Pesquisas anteriores do mesmo grupo mostraram que até 66% dos adultos autistas pensaram em tirar a própria vida e 35% tentaram suicídio. Cerca de 1% das pessoas no Reino Unido são autistas, mas até 15% das pessoas hospitalizadas após tentativa de suicídio têm diagnóstico de autismo. Pesquisas anteriores também descobriram que tanto pessoas autistas diagnosticadas quanto aquelas com traços autistas elevados são mais vulneráveis ​​a problemas de saúde mental, pensamentos suicidas e comportamentos. A nova pesquisa vai além disso, examinando os registros do legista relacionados a pessoas que acabaram com a própria vida.

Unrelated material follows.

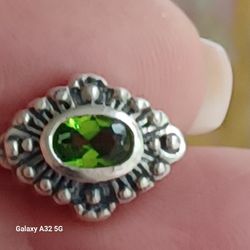 Sterling Silver - Made For Pandora Bracelet- Peridot Colored Stone Charm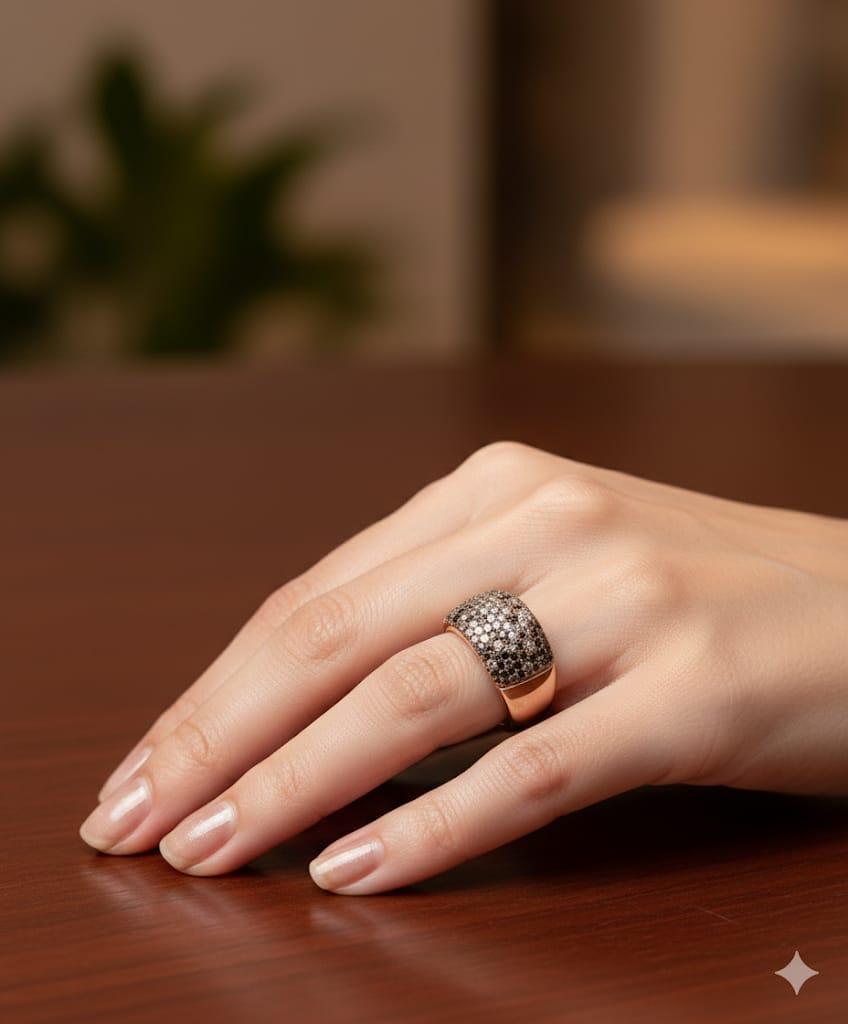 DIAMOND WIDE BAND RING BLACK WHITE & CHAMPAGNE DIAMONDS ROSE GOLD 2.02CTW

O autismo é uma condição de desenvolvimento ao longo da vida diagnosticada com base em dificuldades nas habilidades sociais e de comunicação e na adaptação a mudanças inesperadas, juntamente com sensibilidade sensorial aumentada, interesses extraordinariamente profundos em tópicos específicos e uma preferência por previsibilidade. Existem muitas barreiras para obter um diagnóstico de autismo, incluindo disponibilidade limitada de serviços de diagnóstico, levando a longas listas de espera. Mesmo pós-diagnóstico, os serviços de apoio aos autistas são insuficientes.

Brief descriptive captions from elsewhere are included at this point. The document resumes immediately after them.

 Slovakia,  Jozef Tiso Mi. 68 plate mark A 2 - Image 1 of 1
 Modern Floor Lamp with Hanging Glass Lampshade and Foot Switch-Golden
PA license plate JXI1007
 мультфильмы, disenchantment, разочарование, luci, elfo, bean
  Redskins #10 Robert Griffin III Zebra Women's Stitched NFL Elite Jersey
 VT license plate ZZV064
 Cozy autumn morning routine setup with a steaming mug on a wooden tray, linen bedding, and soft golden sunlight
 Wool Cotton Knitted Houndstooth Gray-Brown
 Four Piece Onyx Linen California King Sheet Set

A Dra. Sarah Cassidy comentou: “Muitos adultos no Reino Unido acham muito difícil obter um diagnóstico de autismo e suporte adequado após o diagnóstico. Nosso estudo mostra que pessoas autistas não diagnosticadas podem ter um risco aumentado de morrer por suicídio. É urgente melhorar o acesso a um diagnóstico de autismo e a um suporte pós-diagnóstico adequado. Isto é o principal prioridade da comunidade do autismo para a prevenção do suicídioe precisa ser tratado imediatamente pelos comissários de serviços e formuladores de políticas.”

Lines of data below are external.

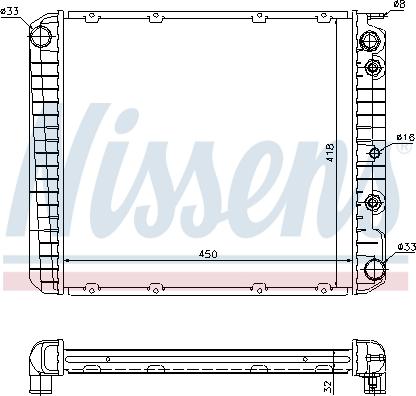 Nissens 65520A - Радіатор, охолодження двигуна autocars.com.ua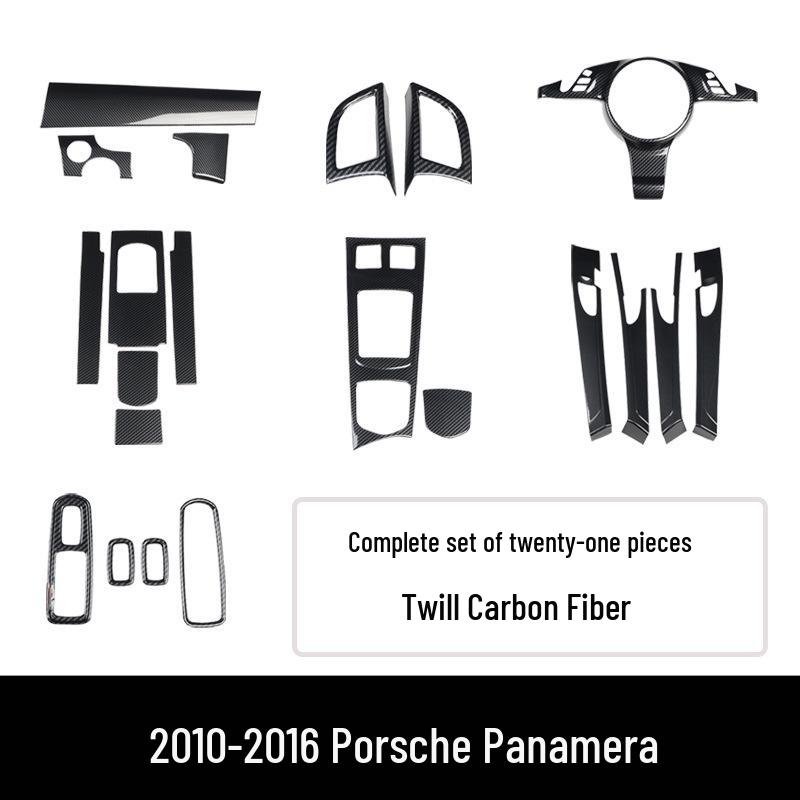 Carbon Fiber Panel Decor Sticker for 10-16 Panamera Front Passenger Side - Imitation Peach Wood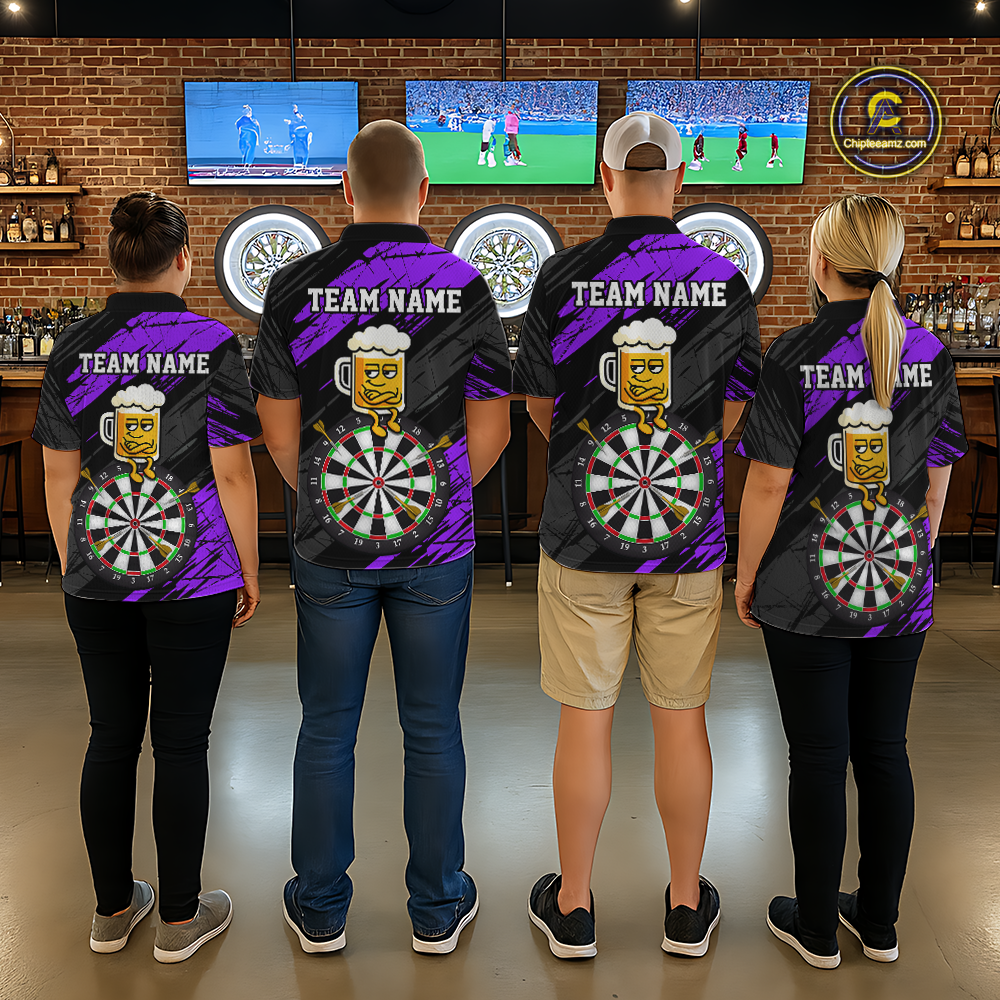 Custom Purple Funny Beer Darts Board Dart Shirts For Men Darts Team Jerseys Dart Tournament NNT120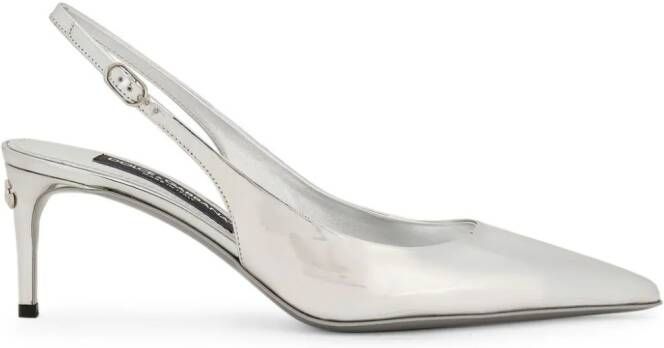 Dolce  Gabbana 60mm calfskin slingback pumps Silver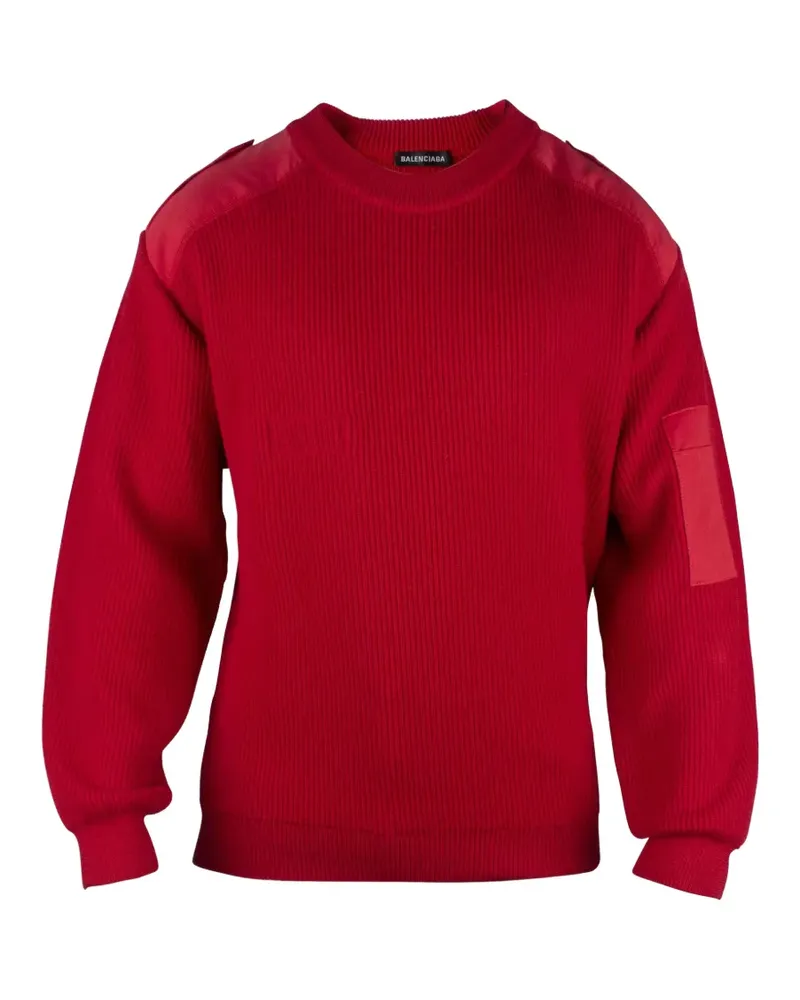 Balenciaga logo-embroidered ribbed-knit sweater - Rot Rot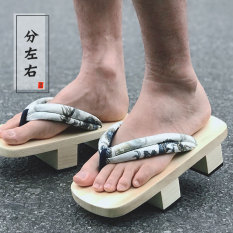 Di Mana Ni Xia Kayu Putih Gaya Jepang Sandal Jepit (Model Pria + Petir Putih Naga)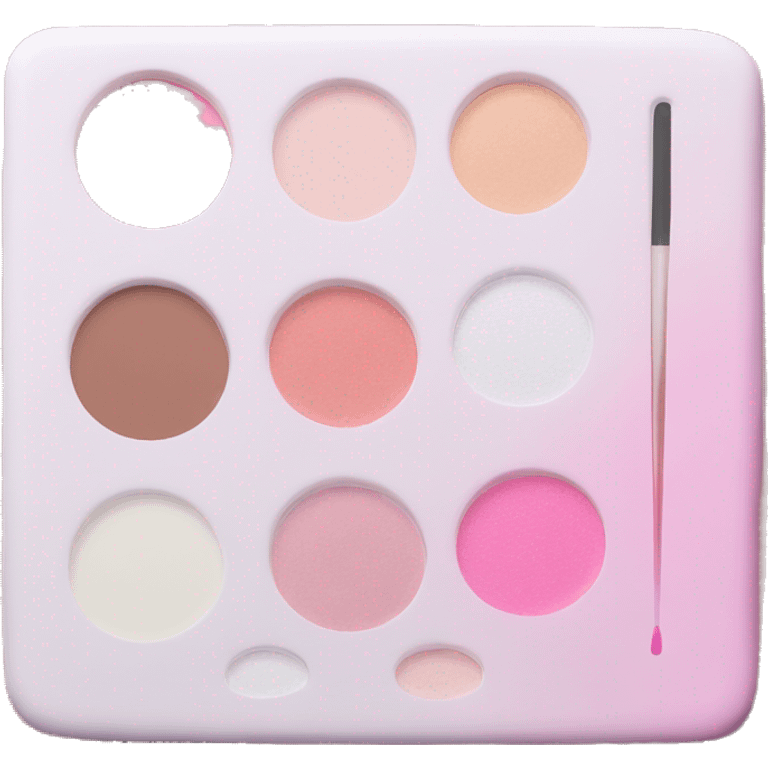 White makeup palette with pink eyeshadow emoji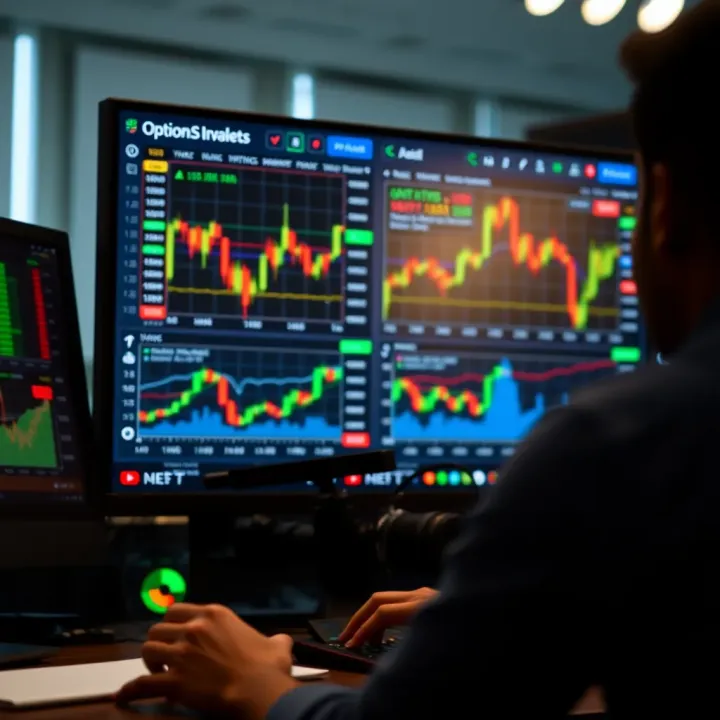 Digital interface displaying options trading charts and market analytics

O professor Simon Baron-Cohen acrescentou: “Mesmo um único suicídio é uma tragédia terrível para a pessoa e uma perda traumática para suas famílias e amigos. As taxas de suicídio são inaceitavelmente altas em pessoas autistas e a prevenção do suicídio deve ser o objetivo número um para reduzir o preocupante aumento da mortalidade em pessoas autistas. Pessoas autistas, em média, morrem 20 anos mais cedo do que pessoas não autistas, e duas grandes causas disso são suicídio e epilepsia. Publicamos os dados preliminares sobre as taxas elevadas de suicídio em 2014 como um alerta aos governos, mas nada foi feito.”

Atualmente, evidências de um diagnóstico de autismo ou traços autistas elevados geralmente não são incluídos nos inquéritos dos legistas na Inglaterra. Este estudo destaca a necessidade de os legistas começarem a reunir sistematicamente evidências de autismo e traços autistas em inquéritos, para ajudar a prevenir futuras mortes. Há também uma necessidade urgente de trabalhar com a comunidade do autismo para co-projetar serviços de prevenção ao suicídio.

Referência: “Autismo e traços autistas naqueles que morreram por suicídio na Inglaterra” por Sarah Cassidy, Sheena Au-Yeung, Ashley Robertson, Heather Cogger-Ward,
Gareth Richards, Carrie Allison, Louise Bradley, Rebecca Kenny, Rory O’Connor, David Mosse, Jacqui Rodgers e Simon Baron-Cohen, 15 de fevereiro de 2022, O Jornal Britânico de Psiquiatria.
DOI: 10.1192/bjp.2022.21

Esta pesquisa foi apoiada pela Autistica, pela concessão de futuros líderes de pesquisa do Conselho de Pesquisa Econômica e Social, pela Universidade de Coventry e pela Universidade de Nottingham. A SBC recebeu financiamento do Wellcome Trust. Além disso, a SBC recebeu financiamento da Innovative Medicines Initiative 2 Joint Undertaking (JU) sob o acordo de subvenção n.º 777394. A EC recebe apoio do programa de investigação e inovação Horizonte 2020 da União Europeia e da EFPIA e AUTISMO SPEAKS, Autistica, SFARI. A SBC também recebeu financiamento do Autism Research Trust, do Autism Centre of Excellence em Cambridge, SFARI, do Templeton World Charitable Fund, SFARI e do NIHR Cambridge Biomedical Research Centre. A pesquisa foi apoiada pelo National Institute for Health Research (NIHR) Collaboration for Leadership in Applied Health Research and Care East of England em Cambridgeshire e Peterborough NHS Foundation Trust.